Te Kura o Te Kao, north of Kaitaia, has transitioned to a kura ā-iwi.

According to principal, Hemi Takawe, it’s their hope to preserve and grow their Te Aupōuri knowledge and what remains of their living dialect to the next generation.

“Ngā wawata mōhio marika ngā tamariki ki tō rātou ake kōrero katoa o te iwi.”

Takawe also says they've been on this journey for four years now.

The Māori language is their primary language.

“Mihi ana ki ngā kaumatua ki te kāinga nei nā te mea ka tae mai rātou ki te āwhina i a mātou ki te kura ki te tuku i te reo o te kāinga, te reo o Te Aupōuri.”

The classroom extends from learning at school to where their ancestors once lived.

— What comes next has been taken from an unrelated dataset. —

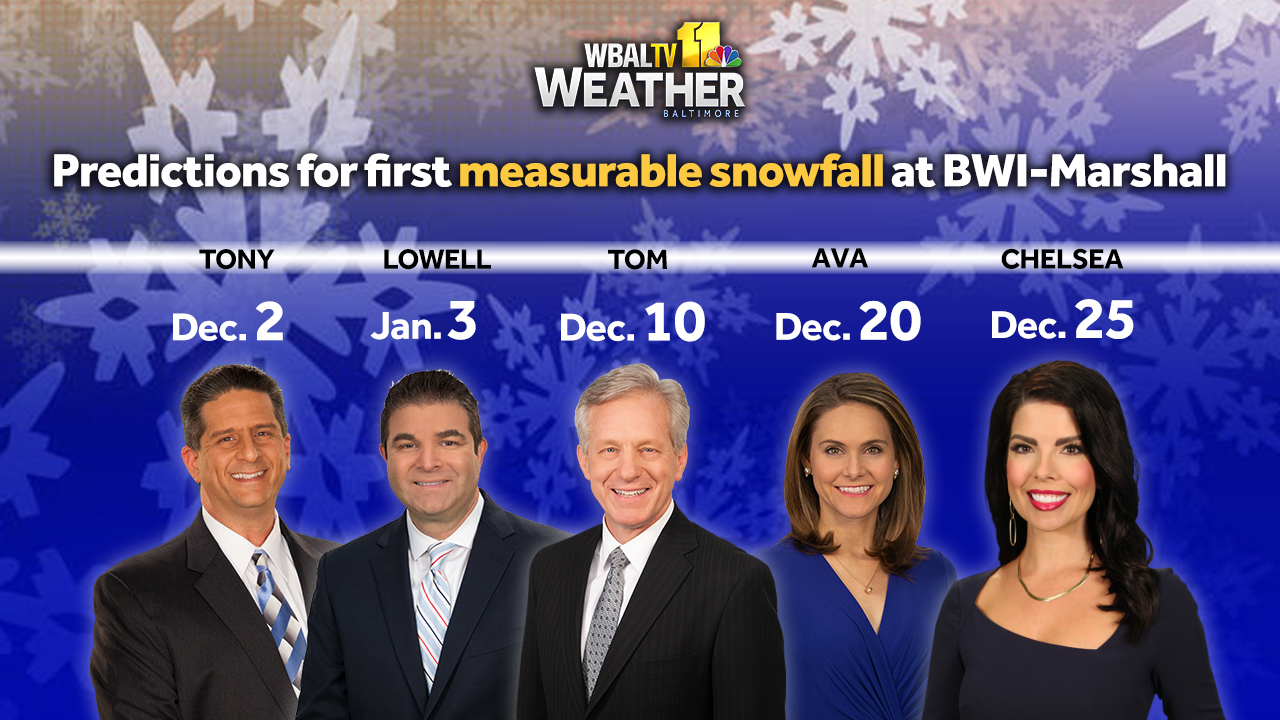 Tony Pann on Twitter: "Tired of reading political stuff today? Let's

Kaumātua Heta Conrad says those places also include the famous Ninety Mile Beach, Waka Tehaua or Bluff which is their food resource and their hill, Oromanga where the Te Aupōuri people have occupied for generations.

“E haere mai ana ahau, hoinō ngā mea, ako i a rātou i ngā mahi hī ika, te hao, tui kupenga, mahi whare wāmu, pēhea atu, he tō, he tō tō ngā riwai, wērā mea katoa i te kāri wēnā ngā mea e haere atu au ki te kura, he tautoko i a rātou.”

Before the school's transition as a kura ā-iwi, it followed mainstream systems.

The move came after their Māori immersion unit closed in 1999.

Since then the language has decreased here in the community as many speakers who grew up speaking te reo passed on.

For their elders, the Māori language is their first language.

But today, according to Conrad, things have changed drastically.

“Tēnei taima, aroha atu ana ahau ki wā tātou tamariki i konei, nō te mea, iti anō tō rātou reo, ko te reo Pākehā, engari e tēmata ana e rātou i te mau tō tātou nei reo nā te mea, kaha te tumuaki (ki) te ako, me ngā māhita o te kura, te ako.”

And that's what the school and the community are doing here, revitalising and passing on their tribal knowledge.

Indeed, standing proud as people from Te Kao out in the ao.